If you’re familiar with poetry of English literature then you most certainly know of John Milton and his epic English poem Paradise Lost. With knowing that book comes the knowledge of its challenge to the reader. Milton’s epic poem is well known for its excessive use of commas, its lack of full stops and breaks that makes reading it a furious, blistering passion. Leaving the reader with no real place to pause or stop reading except per books. Of which there are twelve (ten in the original, but two were further split into two each. Making four onto the eight remaining.)

While no doubt remains as to Milton’s poetic ability and his work being a classic of monstrous proportion. The difficulty of the text often removes the respect which young readers and much more mature readers can have for him. And even push people to dislike him. This is mostly because his language is out dated compared to modern texts, and this makes it some what hard to grasp at times. But also because the huge epic is written in poetic speech which can make certain parts of the story unclear, and distort what the characters are actually doing or meaning to say.

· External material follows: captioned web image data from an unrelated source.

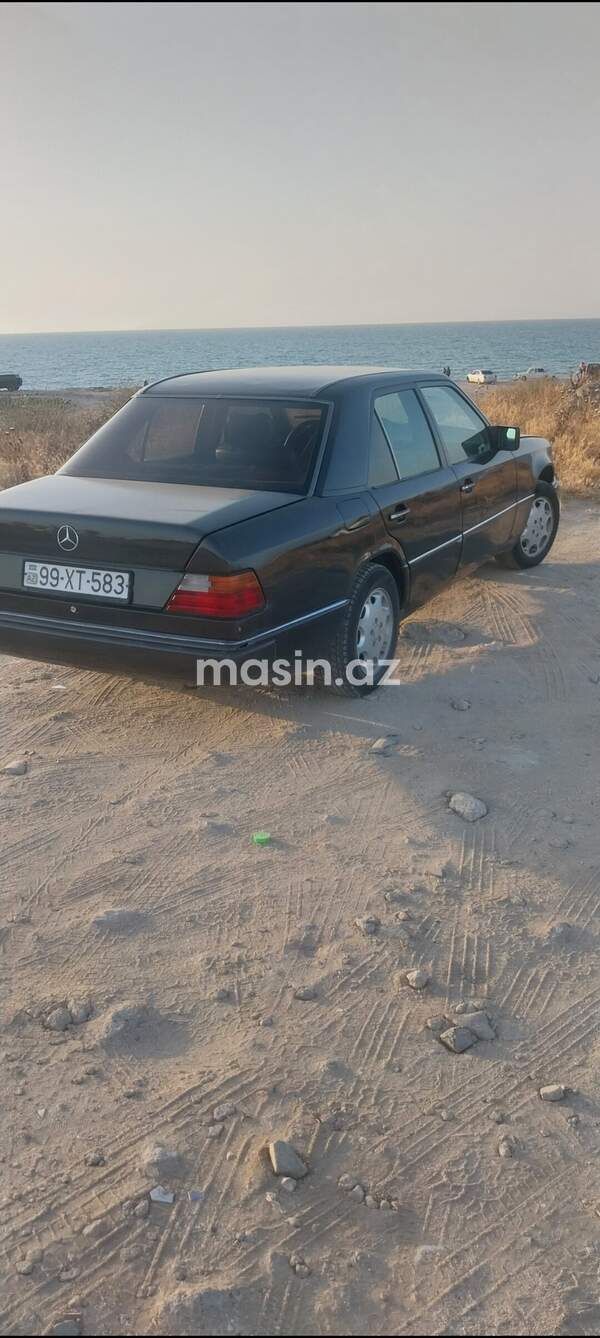 Mercedes E 200  - Image 2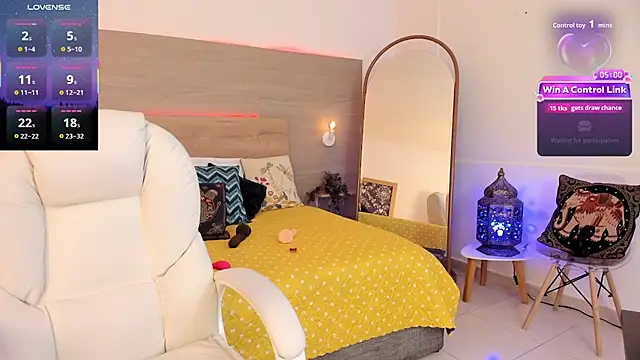  Azahaaraa  online show from March 10, 2026, 3:32 am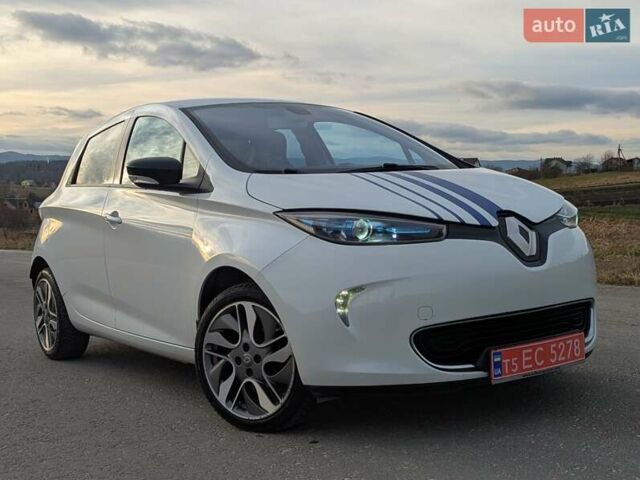 Белый Рено Зое, объемом двигателя 0 л и пробегом 85 тыс. км за 6900 $, фото 66 на Automoto.ua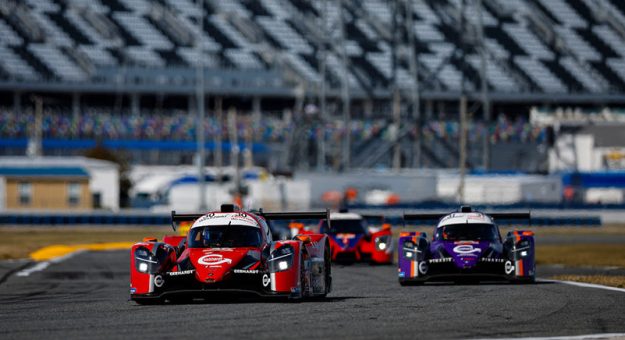 Race Start, #30: GEBHARDT Intralogistics Motorsports, Duqueine D08, P3: Valentino Catalano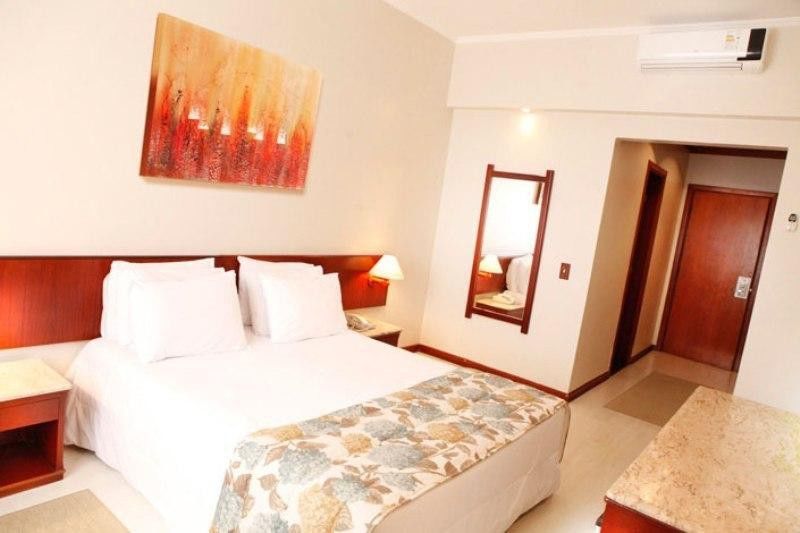 Hotel Carlton Plaza โปโซส เด คาลดัส ภายนอก รูปภาพ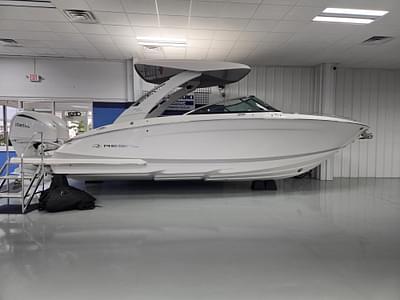 BOATZON | Regal LX9 2025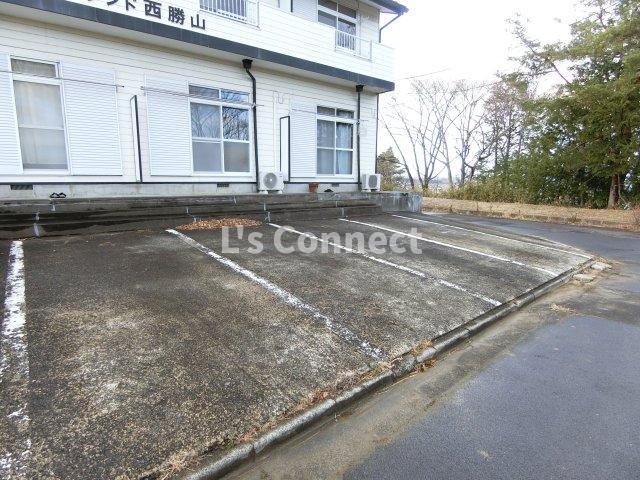 駐車場　敷地内駐車場も契約可能です。
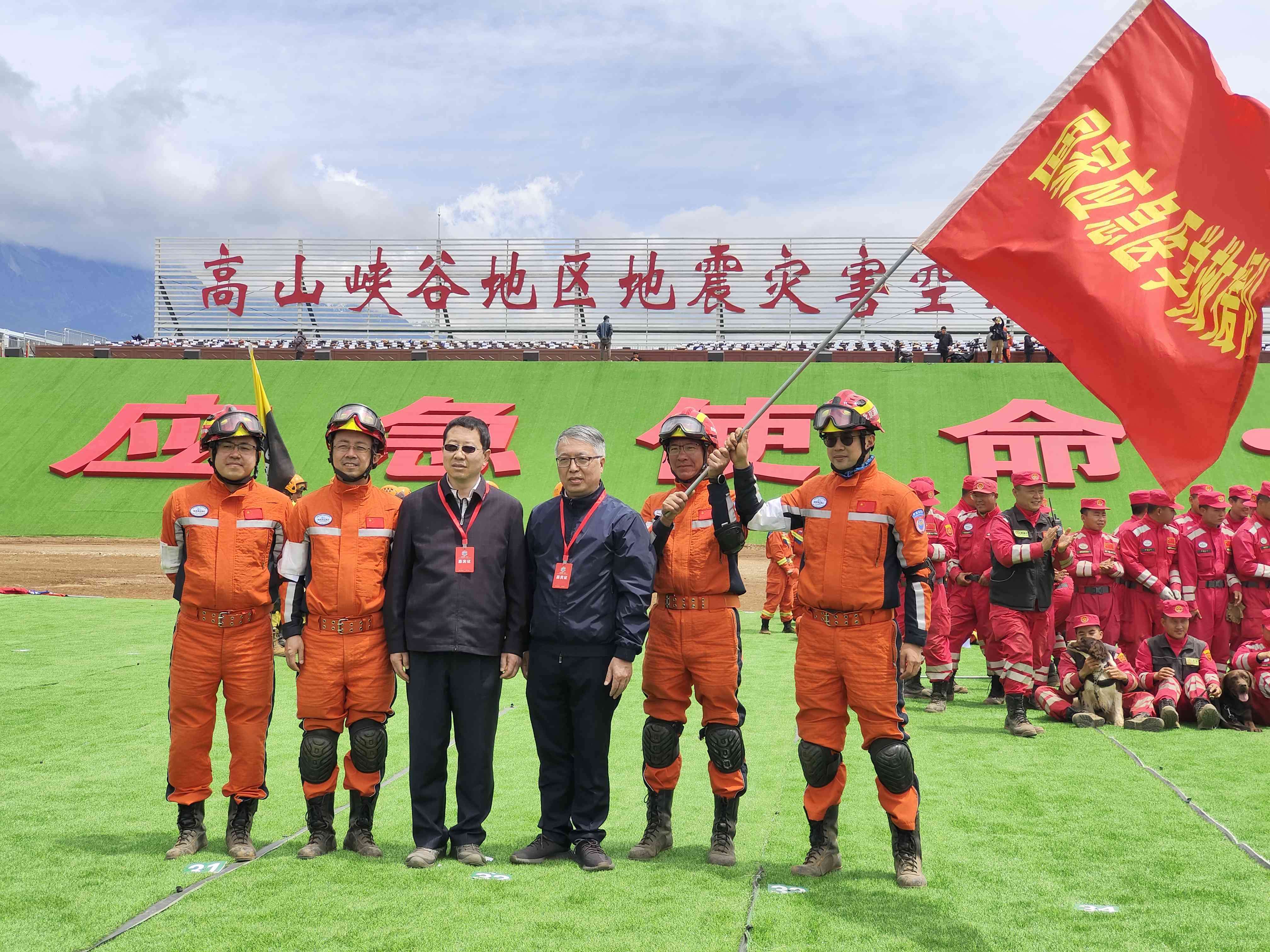 呂國忠以總領隊身份，帶領國家應急醫學救援隊演練。受訪者供圖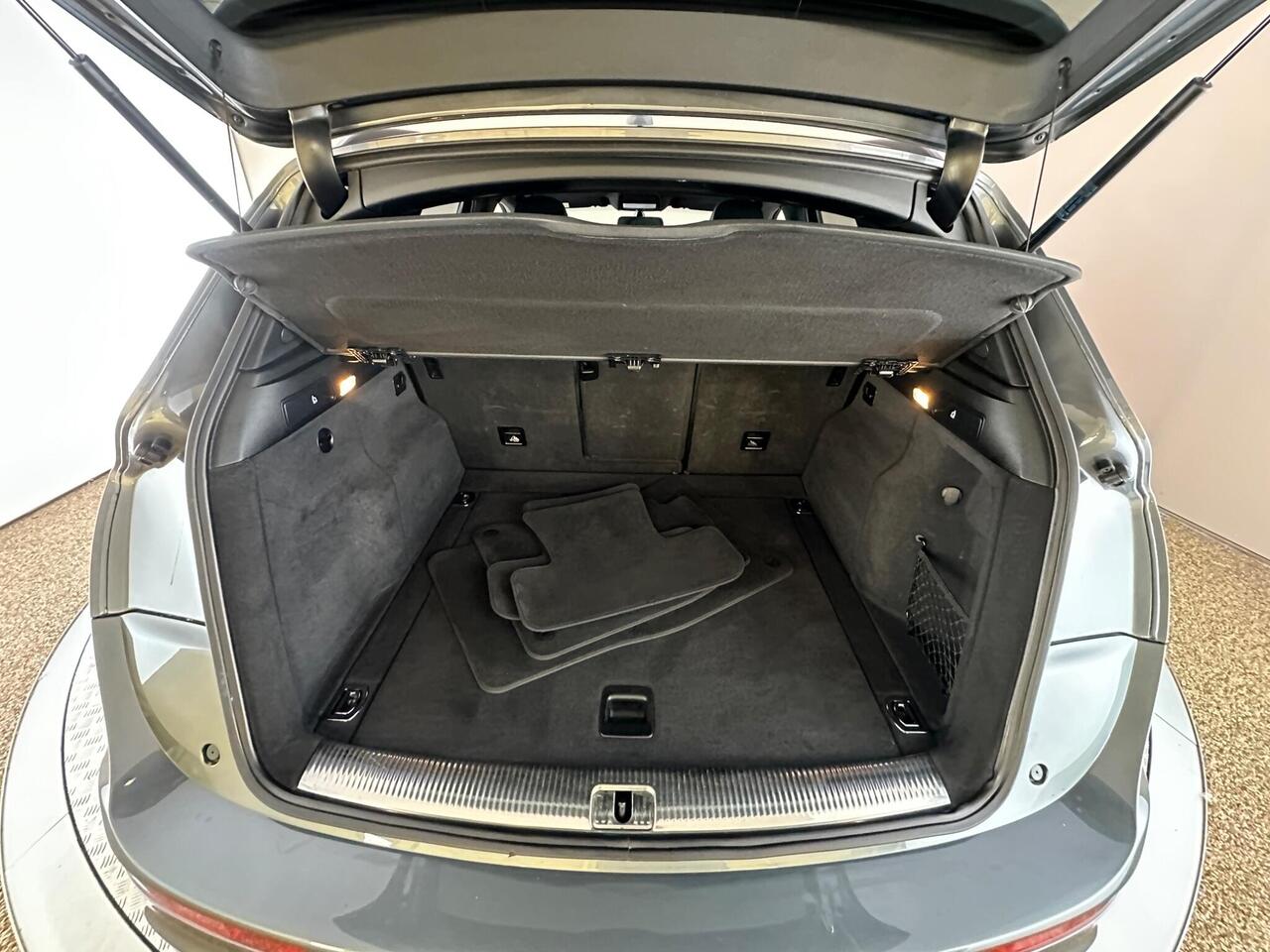 Audi SQ5 LD66WRR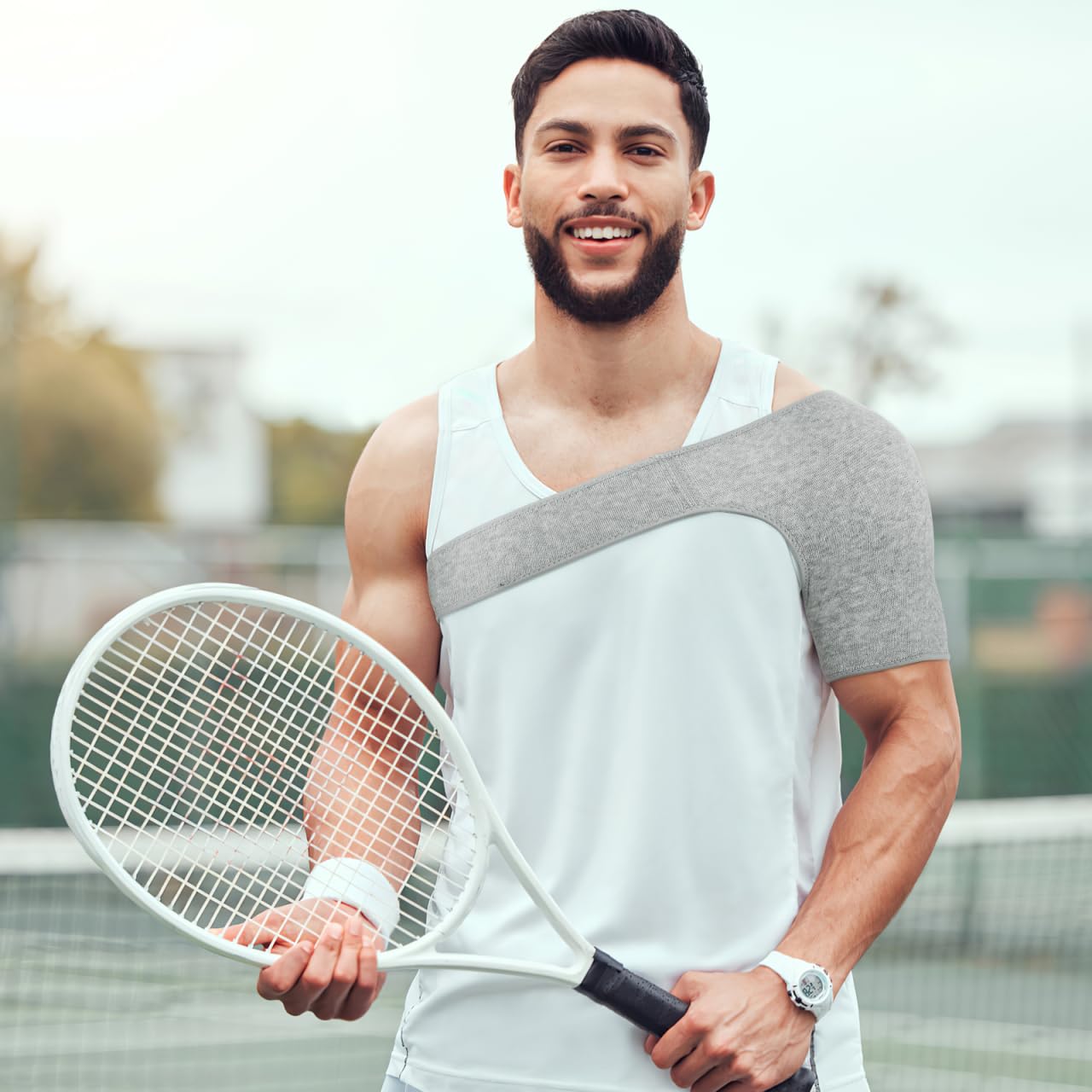 Ipetboom Shoulder Brace: Rotator Cuff Support Brace Wrap for Men and Women - Shoulder Compression Sleeve for Preventing Strains and Dislocation, M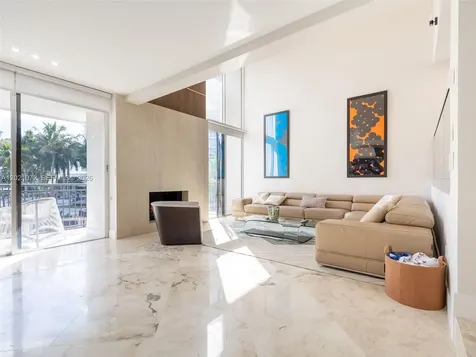 19 Port Side Drive Fort Lauderdale FL 33316
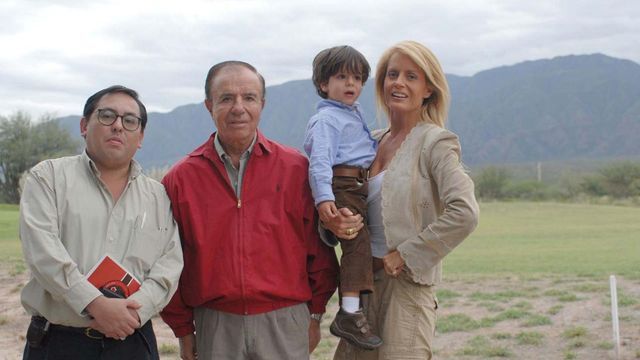 Periodista Carlos Quiroga junto a Carlos Menem y Cecilia Bolocco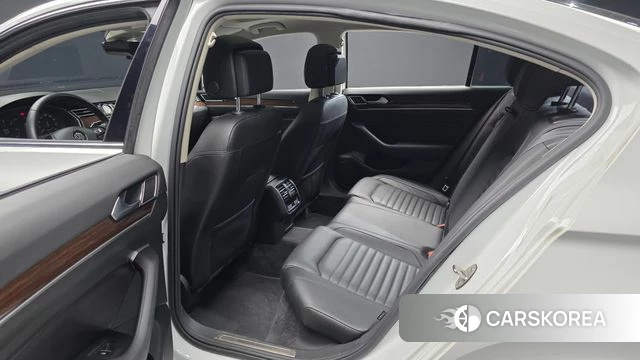 Volkswagen Passat GT (B8) id 4785912 из Кореи 18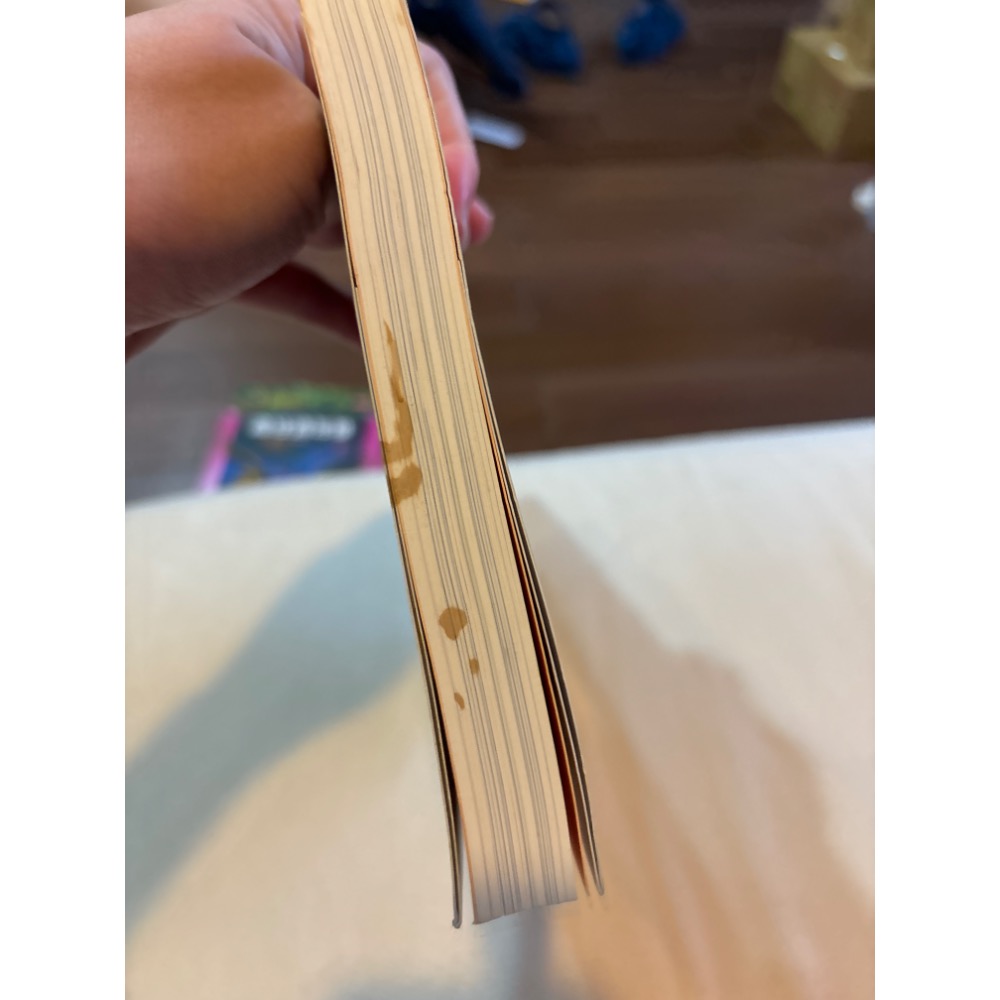 《魔法師大對決》二手書。兩處斑點（見圖）-細節圖5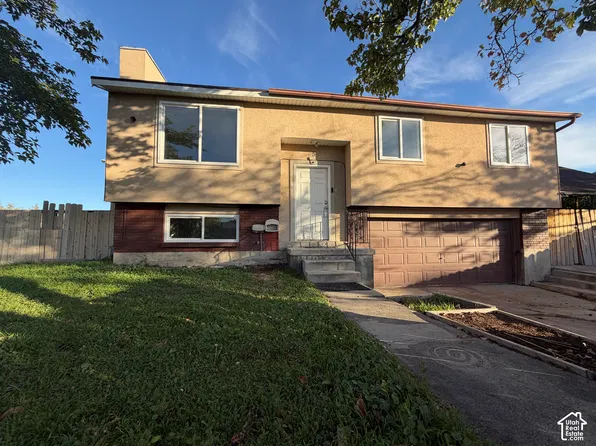 3950 W Squire Crest Dr, Salt Lake City, UT 84129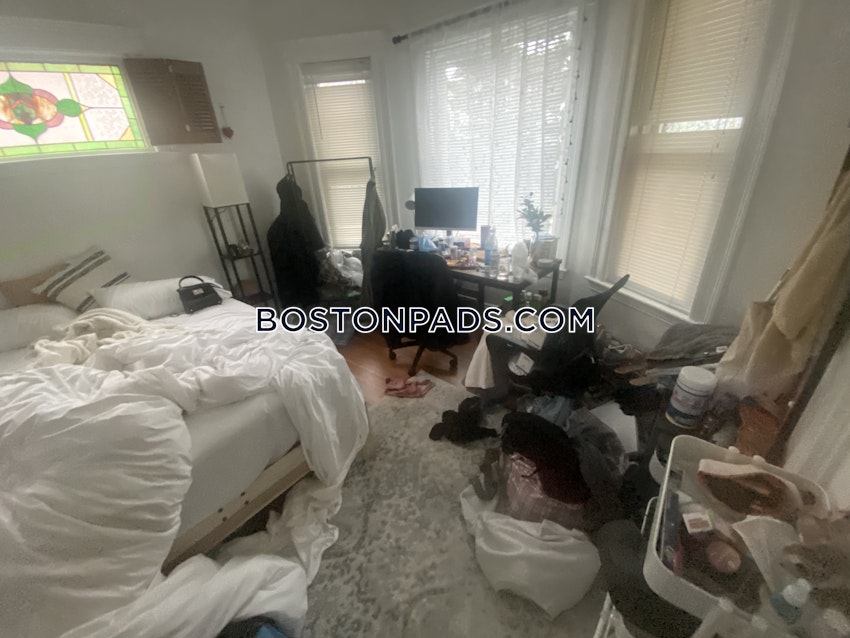 SOMERVILLE - TUFTS - 3 Beds, 1 Bath - Image 45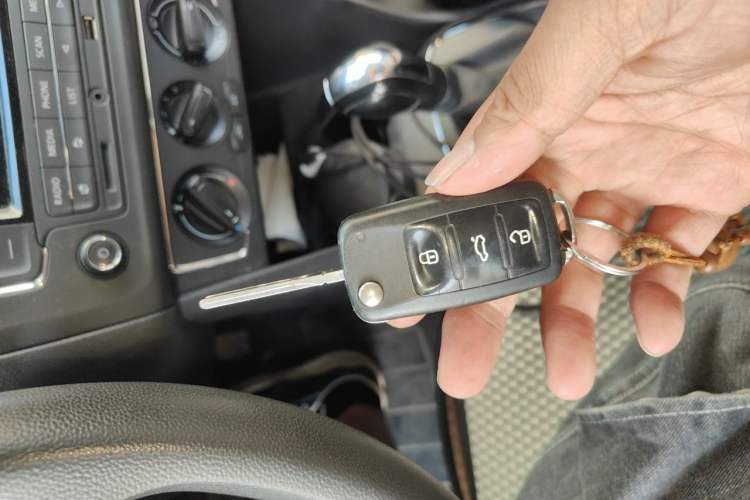 Used Volkswagen Polo 2014 1.6L Automatic Comfort Edition Vehicle Key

This book relieves this problem somewhat by taking the original text and running it side by side with a plain English version. The story and speeches make far more sense when put in such simple ways. If this book is used as a companion for the original most people, if not all, can grasp the entire story and some of the most striking speeches and moments.

The only problem with a plain English text version is it impacts on the poetic form and also the passion which Milton was noted for. It removes all sense of romantic rebellion from Satan, all sense of sensuality from Eve, and all sense of nobleness from Adam.

This of course is a serious flaw considering the passion of Milton’s characters is what makes Paradise Lost such a pleasure to read in the first place. However, the purpose of this book is not to give you the original passion, but to help you understand what is actually happening and being said: and in this respect the book does not fail.

Some of the speeches and actions are put so simply that they can come across as almost blunt. Although, so long as the reader looks at the original, or bears in mind it is not conveying the original poetic form and passion then that should not be a problem.

All in all this book should be used as a companion piece of the actual epic poem, and not as a substitute. But the work done in this book is fantastic in the sense that it translates the poem into plain English very well and accurately. Which is a great achievement considering the difficulty of the text itself.